To date option of endoscopic or medical treatment for achalasia has been incidental and commonly directed by physician or patient first choice. Butt5 new studies suggest that manometric sub type of achalasia is an essential determinant of treatment success and might be used in choose the best intervention. As Symptoms of Achalasia do not always connect with objective measures in achalasia, better objective metrics are sought for post intervention assessment of treatment success. The traditional method to the treatment of patients with achalasia is based on stretching or cutting the muscle fibers at the esophagogastric joint by pneumatic dilatation or surgical myotomy. Achalasia Surgery treatments may be effective in approximately 85-90 percent of cases.

Treatment of Achalasia includes nonsurgical and surgical approaches:

Injection with Botulinum Toxin

This temporary Treatment of Achalasia may help relax the lower sphincter muscle for weeks or still months.


Medications for example calcium channel blockers or long-acting nitrates can be utilized to relax the lower sphincter muscle.

Widening of the Esophagus

The patient swallows a tube with a balloon at the end which is then swollen to strongly dilate the esophagus.

The Achalasia Surgery for treatment called an esophagomyotomy involves cutting the esophageal sphincter muscle. The operation's success rate is very high and generally permanent. A small number of patients may need further treatment.
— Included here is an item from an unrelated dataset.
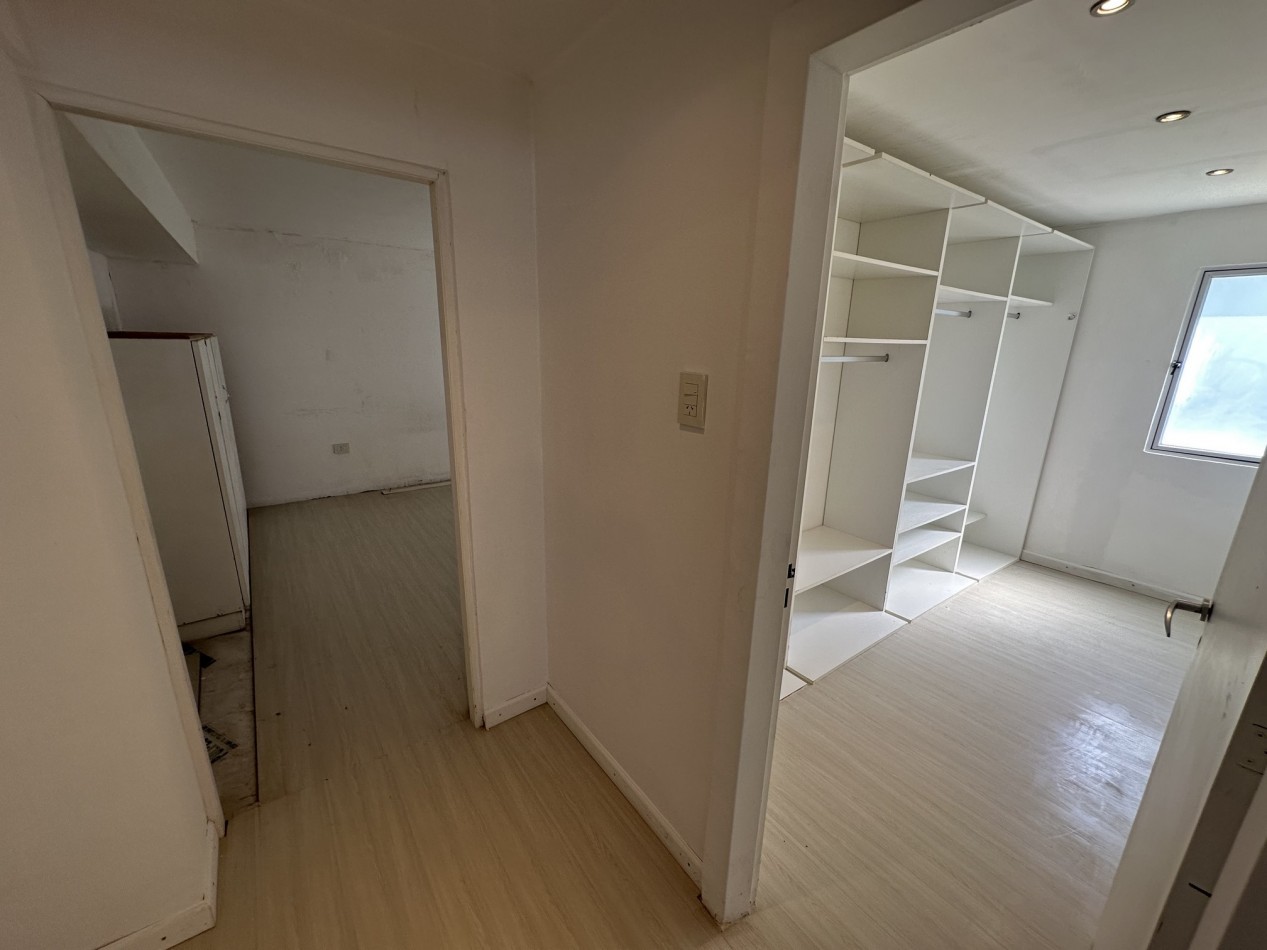 Venta Casa 4 dormitorios 3 baños con piscina en "Funes R"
Laparoscopic Esophageal Myotomy

Achalasia Surgeryprocess called laparoscopic esophageal myotomy can decrease the pressure of the lower esophageal sphincter muscle and make it easier to swallow. This slidghtly invasive procedure is performed through five tiny incisions measuring between 5mm and 1cm. The surgeon releases the muscles around the lower esophageal sphincter relaxing this valve and allowing food to pass into the stomach more easily.

Minimally Invasive Surgery

For select patients with serious achalasia a minimally invasive surgical technique called laparoscopic esophagomyotomy or the Heller Myotomy may aid.

Like all minimally invasive surgery, surgeons use a thin, telescopic-like instrument called an endoscope which is inserted through a minor incision. The endoscope is connected to a tiny video camera-smaller than a dime-that projects an opinion of the operative site onto video monitors located in the operating room. Minimally invasive surgery techniques offer patients a shorter hospital stay faster recovery and less scarring than traditional procedures.